Professors debate most useful major
Aubrey Butts | Tuesday, November 8, 2011
A diverse group of Notre Dame professors gathered Tuesday to defend their respective majors as the most useful tool to rebuild society if the world ended today.
Before the debate began, the professors agreed all majors have their merit.
“I don’t believe universities offer frivolous majors,” Shahriar Mobashery, professor of biochemistry, said. “If civilization were to end, we need all the disciplines to rebuild it.”
But Mobashery argued the field of chemistry is important in general because it gives chemists analytical ability and a sense of wonderment.
Chemistry instills in its students two distinct abilities — the ability to understand how things are and the ability to change things to improve their qualities. One is discovery and one is inventiveness, he said.
Michael Hildreth, associate professor of physics, argued the merits of his field and said physics helps mankind at the most basic level, such as producing flame. Hildreth lit a piece of paper on fire in the debate to illustrate his point.
In addition, he said technology allows civilization to grow and thrive, and increasing technological progress has accelerated due to discoveries in the physics realm.
Hildreth said physics contributed to the development of the transistor that enabled the creation of computer chips, like those found in the iPhone.
In response, Mobashery said chemists inspire the very essence of an iPhone.
“From the screen dominating the front of the phone, which is layer upon layer of chemicals helping to produce the images you see, to the electronic elements critical to the phone’s proper functioning, everything has been influenced by the hands of a chemist” Mobashery said.
Robert Goulding of the Program of Liberal Studies (PLS) said his major would view the end of the world a little differently.
“If civilization ended tomorrow, I would be in a great deal of trouble,” he said. “I’m not very practical, my students aren’t very practical … PLS doesn’t concern itself with the question of how to stay alive, rather we’re concerned with the question of how to live well. If we face the end of civilization, we must not only discover how to stay alive, but how to live well.”
Business law professor Jamie O’Brien focused on food as a human necessity and said accounting helps people obtain food.
“How many of you ate today?” he said. “How many of you think you’re going to eat tomorrow? That’s why you need accounting. Pretend you have 20 quarters in your pocket and you go through the drive-through of McDonalds and order a Big Mac. Say it costs $3.50. Do you have enough? Do you have enough to consume today and have some money left over for tomorrow?”

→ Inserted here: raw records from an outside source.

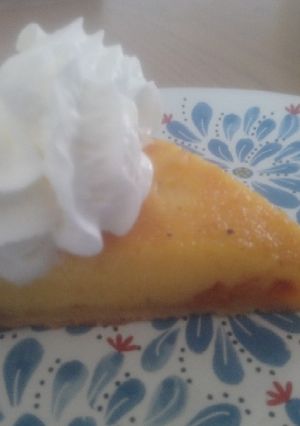 A picture of Welsh Amber Tart.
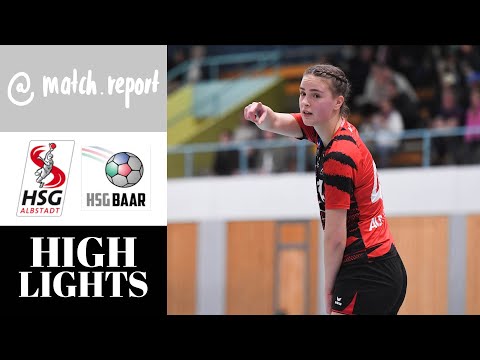 Highlights: HSG Albstadt - HSG Baar | Match.Report
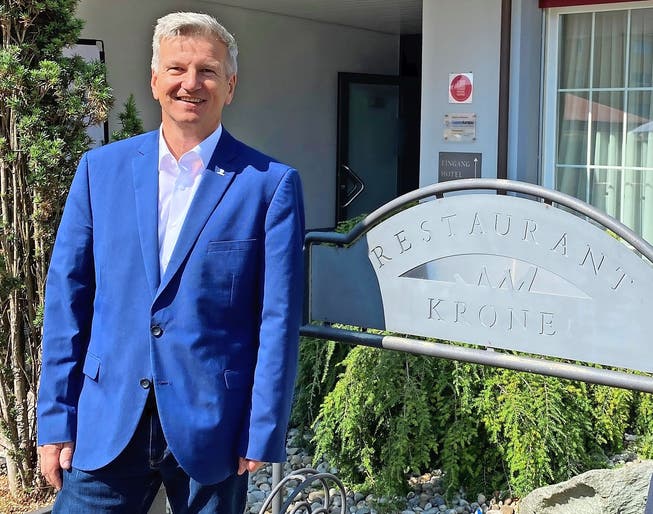 Bruno Lustenberger, Präsident von Gastro Aargau: «Es bringt nichts, jetzt die Faust im Sack zu machen und zu fluchen, wir müssen uns mit der Situation arrangieren und das Beste daraus machen.»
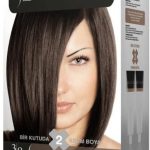 Sea Color Kit Saç Boyası 3.0 Koyu Kahve (24Lü)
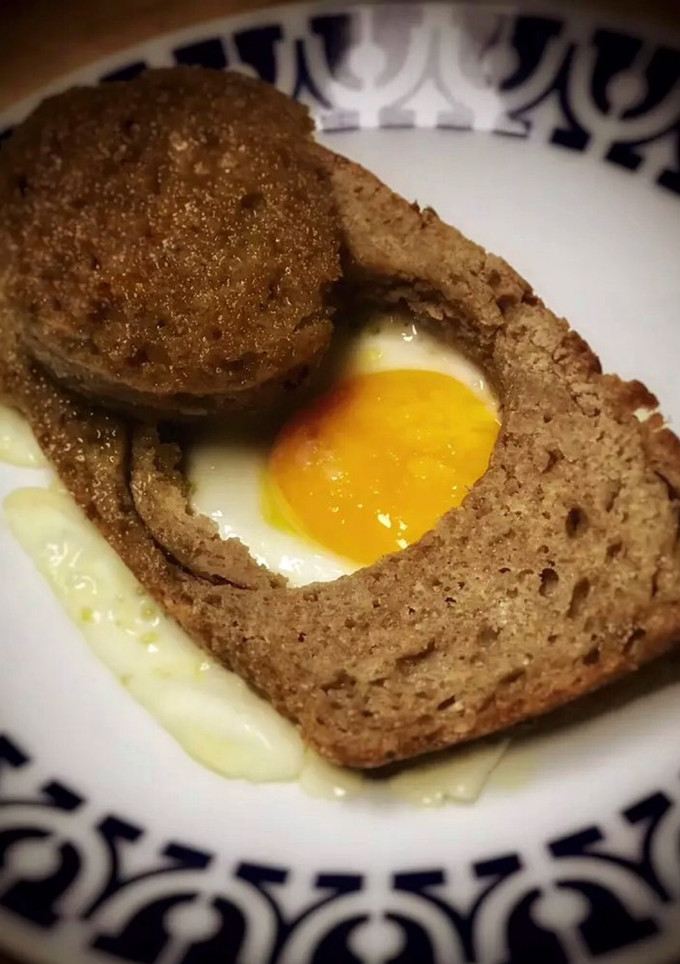 Una foto de Huevos fritos (singulares) —receta 400—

Associate professor Gabriel Reynolds, a faculty member in the Department of Theology, grounded his argument for theology on a letter he found earlier in his office.
“What if every single person is precious to God?” he said, citing the letter. “Wouldn’t it be cool if people discovered this God who cared so much that he cried for them? Wouldn’t it be hopeful having this knowledge?
“I’m going to pursue the study of the real light of the world.”
Before Vice President of Student Affairs Fr. Tom Doyle announced the winner, anthropology professor James McKenna ended the debate by advising students to pursue their passions and reminding them about the importance of approaching the problems and questions of civilization through a comprehensive approach.
“The best science is an inclusive one, and moreover, they are all interdependent,” McKenna said. “You will make your greatest contributions to humans by finding out what you love.”
In the end, the student audience chose Reynolds as the winner of the debate.
In his victory speech, Reynolds said he couldn’t take all the credit.
“If you permit me to make a triumphal decree, I would simply like to thank the student who wrote the letter,” he said.